=== PROBLEM REQUIREMENTS ===
Output all entries exactly as they appear and skip the pictures.

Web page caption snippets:
================================

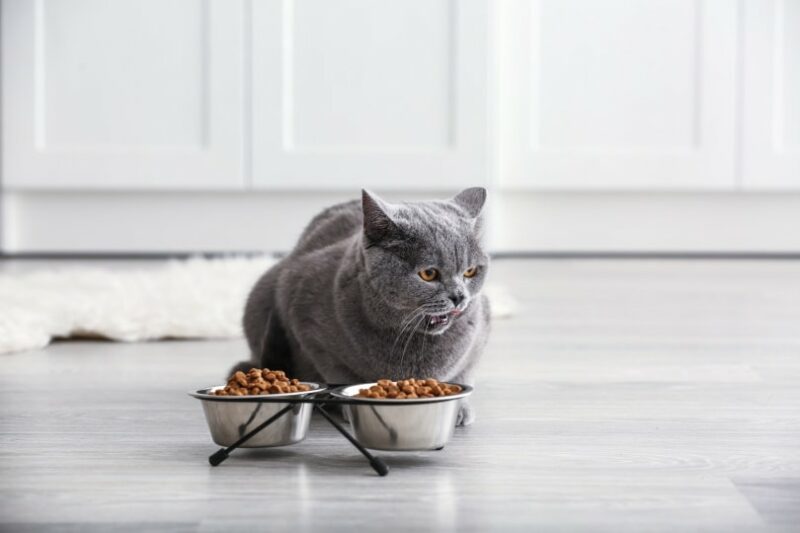10 Best Dry Cat Foods in the UK in 2026: Reviews & Top Picks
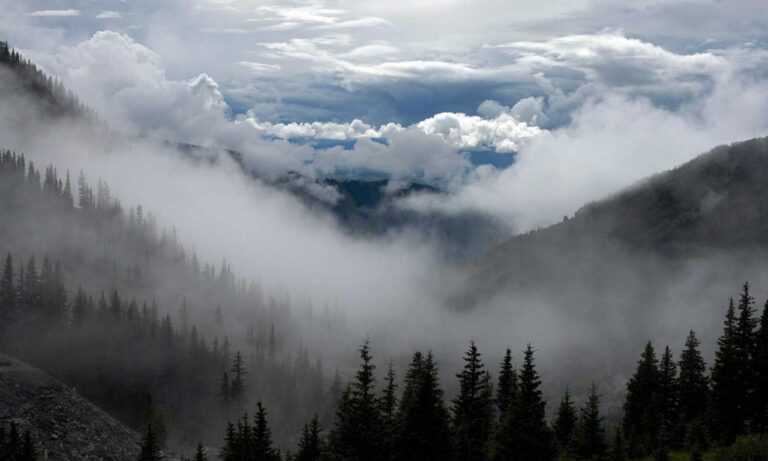 can nillobada cook at home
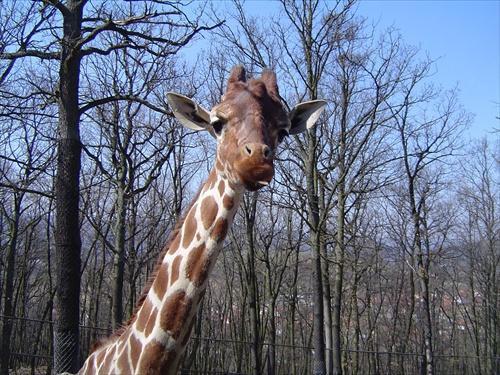 Zvedavá žirafa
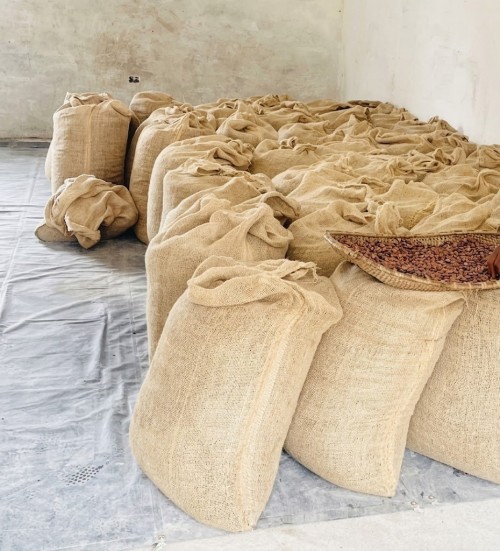 Cocoa Beans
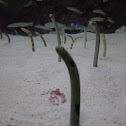 Garden Eel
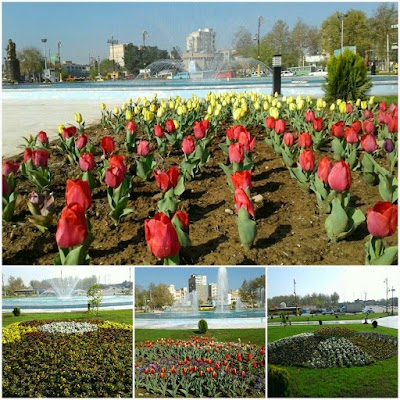Photos of میدان رازی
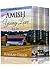 Amish Young Love Box Set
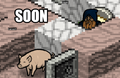 Dwarf stares menacingly at pig.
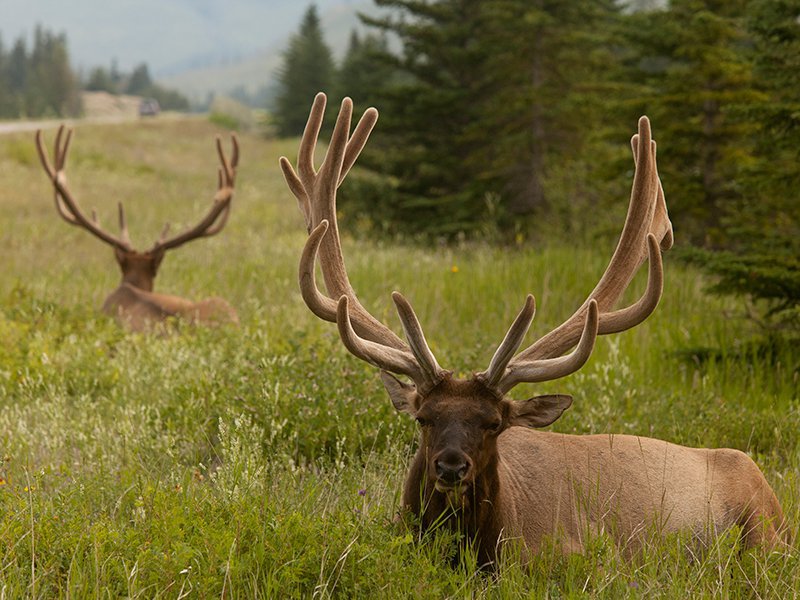 Elk-in-Jasper-National-Park.original.jpg Elk-in-Jasper-National-Park.original.jpg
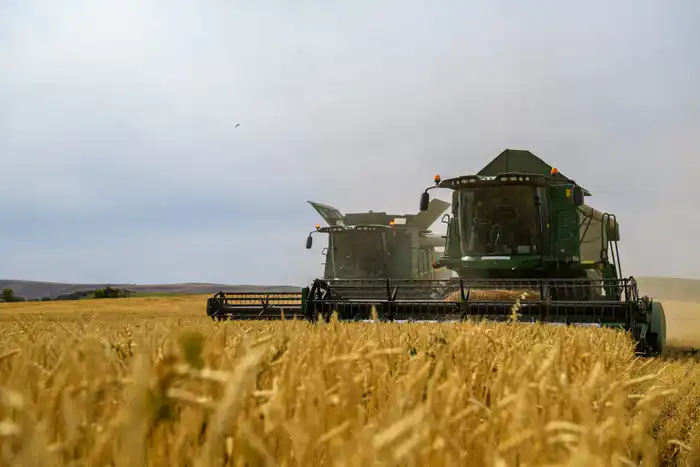 Сахар и орошение: Жетісу на пути к 68%!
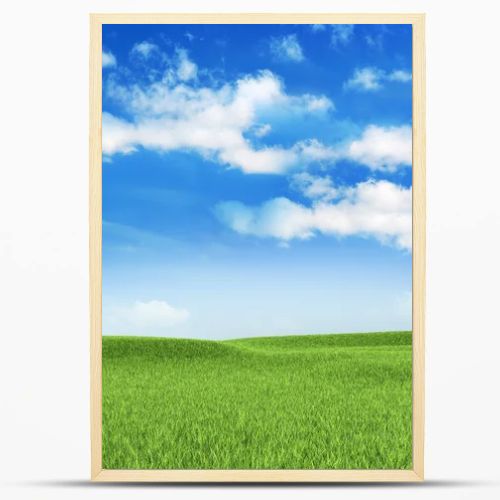 Nature background - meadow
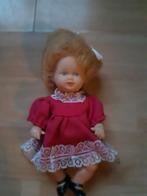 SCHILDPAD POPJE CA. 17 CM. LANG, Ophalen of Verzenden, Gebruikt, Pop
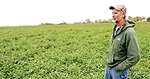 Nettekoven_Farm_1-2.jpg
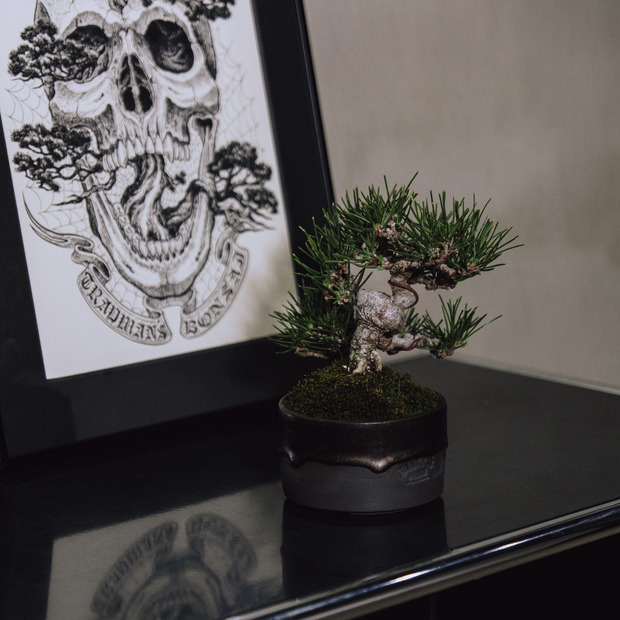 黒松 -斜幹- （推定樹齢30年） 詳細画像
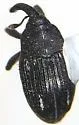 Haplostethops ellipsoideus - photo 4
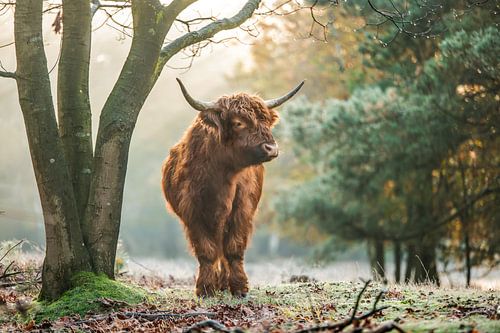 Scottish Highlander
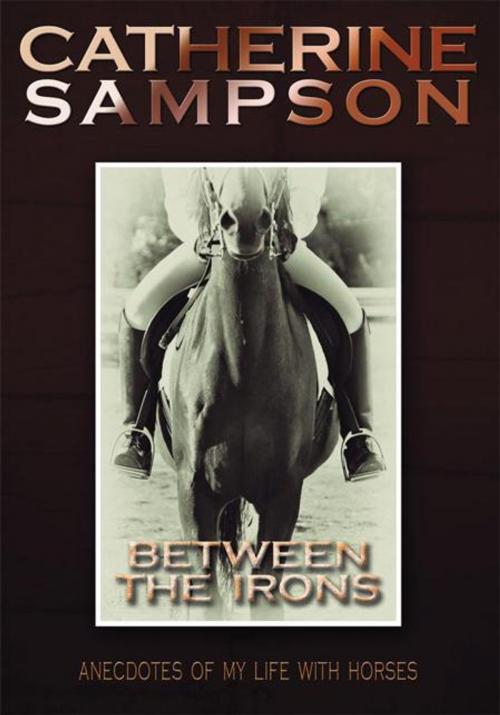 Cover of the book Between the Irons by Catherine Sampson, iUniverse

================================

=== RESPONSE TO THE TASK ===
10 Best Dry Cat Foods in the UK in 2026: Reviews & Top Picks
 can nillobada cook at home
 Zvedavá žirafa
 Cocoa Beans
 Garden Eel
Photos of میدان رازی
 Amish Young Love Box Set
 Dwarf stares menacingly at pig.
 Elk-in-Jasper-National-Park.original.jpg Elk-in-Jasper-National-Park.original.jpg
 Сахар и орошение: Жетісу на пути к 68%!
 Nature background - meadow
 SCHILDPAD POPJE CA. 17 CM. LANG, Ophalen of Verzenden, Gebruikt, Pop
 Nettekoven_Farm_1-2.jpg
 黒松 -斜幹- （推定樹齢30年） 詳細画像
 Haplostethops ellipsoideus - photo 4
 Scottish Highlander
 Cover of the book Between the Irons by Catherine Sampson, iUniverse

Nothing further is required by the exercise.